The ambiguity of these harmonies that refuse to concern themselves with the old idea of “resolution” can also be heard in “Hymne”, another work alluding to rites and rituals for a spirituality that is not documented as a religion. When we speak of mystery it is in that old sense of the unfathomable, as in the broad discursive area we sometimes lump together under the heading of “the occult”. While Hannigan sings this without undue forward impulse, corresponding to the score’s instruction (“CALME et DOUX” or in other words “calmly and sweetly”), I wonder if this was originally conceived as a bigger ritual, considering that at the bottom of the page it speaks of “avec adjonction d’un choeur de femmes à l’unisson”. But for this version (with piano, unlike the later elaboration with orchestra) the communication is through the intimate voice of a soloist.

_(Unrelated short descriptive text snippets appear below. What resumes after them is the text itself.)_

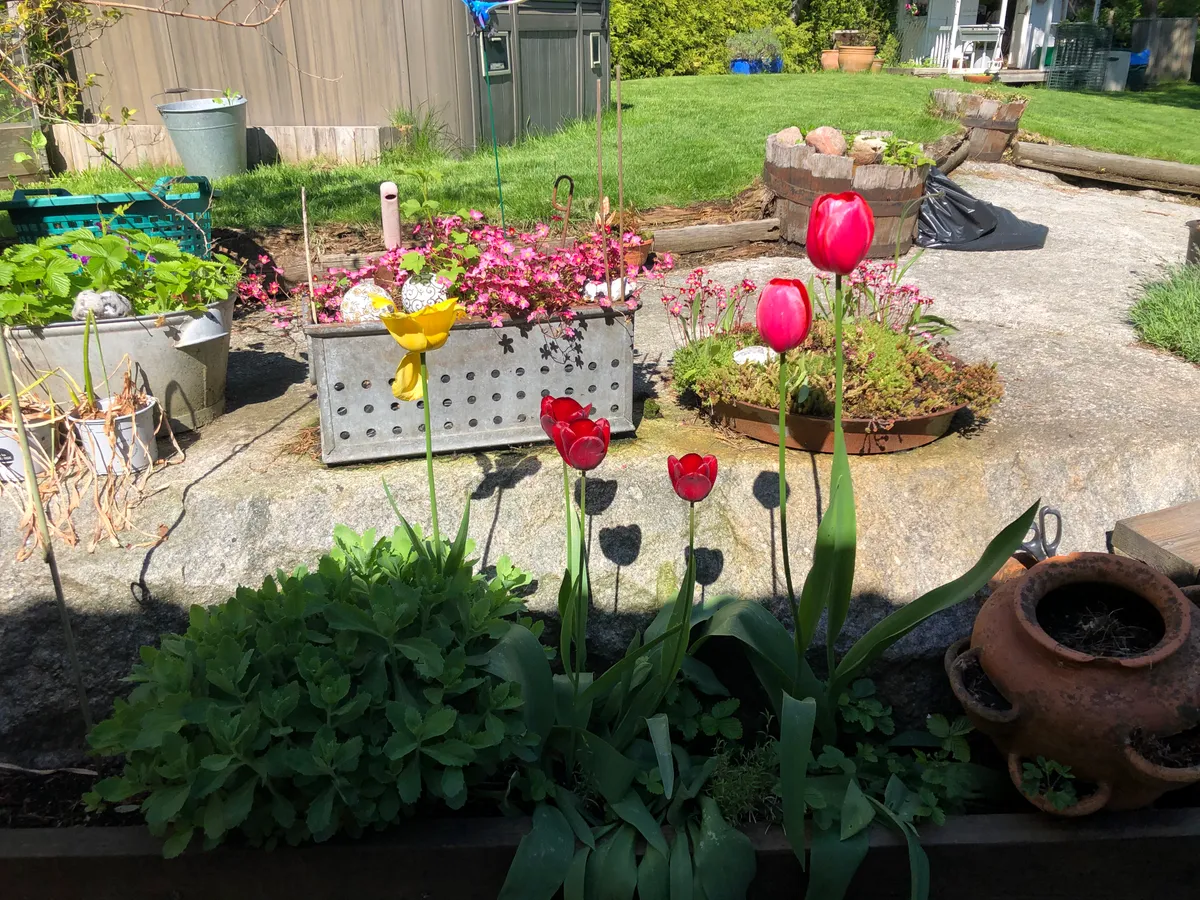 Hyresbostad på Enskede i enskede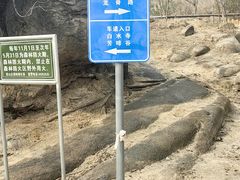 -白水寺森林公园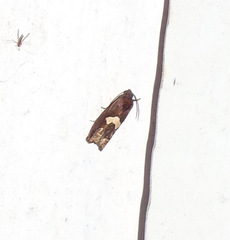 Epiblema otiosana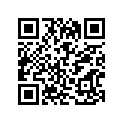 31131-95241 BRUSH(+)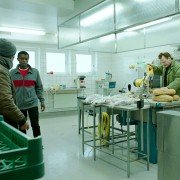 Witajcie w Norwegii! - galeria zdjęć - filmweb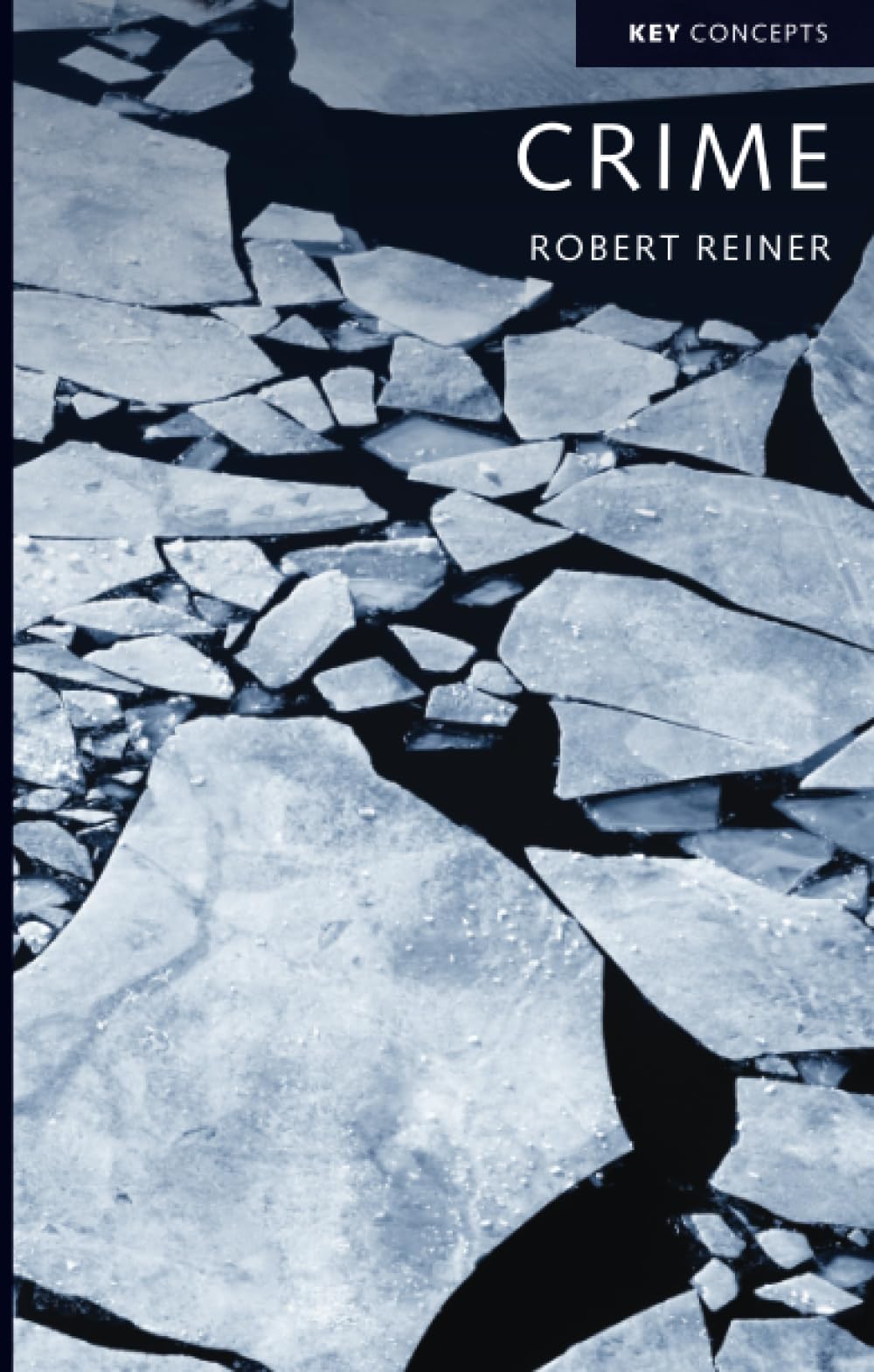 Crime: The Mystery of the Common-Sense Concept (Key Concepts)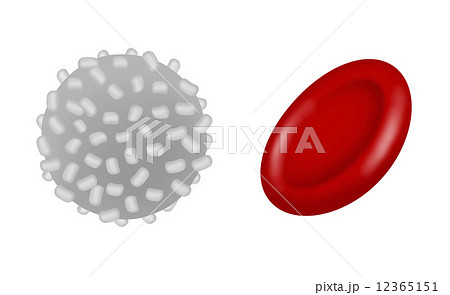 白血球と赤血球のイラスト素材 [12365151] - PIXTA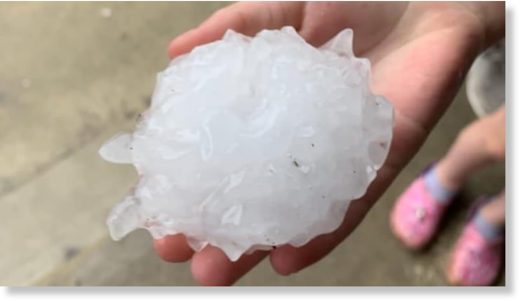 A picture of a large hailstone that dropped in northwest Edmonton during Friday night's powerful storm.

While Hannigan sings a text we’re in an elevated realm of meaning that’s more like a prayer or incantation, although decoding the implications of the text at this point is difficult. We can glimpse something larger than life, and more than a little pompous. Lyrics and more can be found (click) here.
The third guise in which Satie appears is in some ways the most elusive & mysterious, and gives the CD its title. Here’s how the liner notes describe it:
From the following year he was in contact with Tristan Tzara, the initiator of the Dada movement. He became acquainted with other Dada artists such as Francis Picabia, André Derain, Marcel Duchamp,, Jean Hugo and Man Ray. Also in 1919 he composed Socrate, a score he told his artist friends he intended to be white, lucid, transparent and even, in the extreme, fragile, echoing the philosopher’s understanding of our common human fate. To be in the right mood for this composition he ate only white food.
Here the correspondence between Satie’s objectives and Hannigan’s voice seems especially apt. The vocalism is clean, pristine even. De Leeuw’s pianism is especially transparent in the three movements of Socrate.
I continue to listen to this CD as I ponder Satie’s mysteries.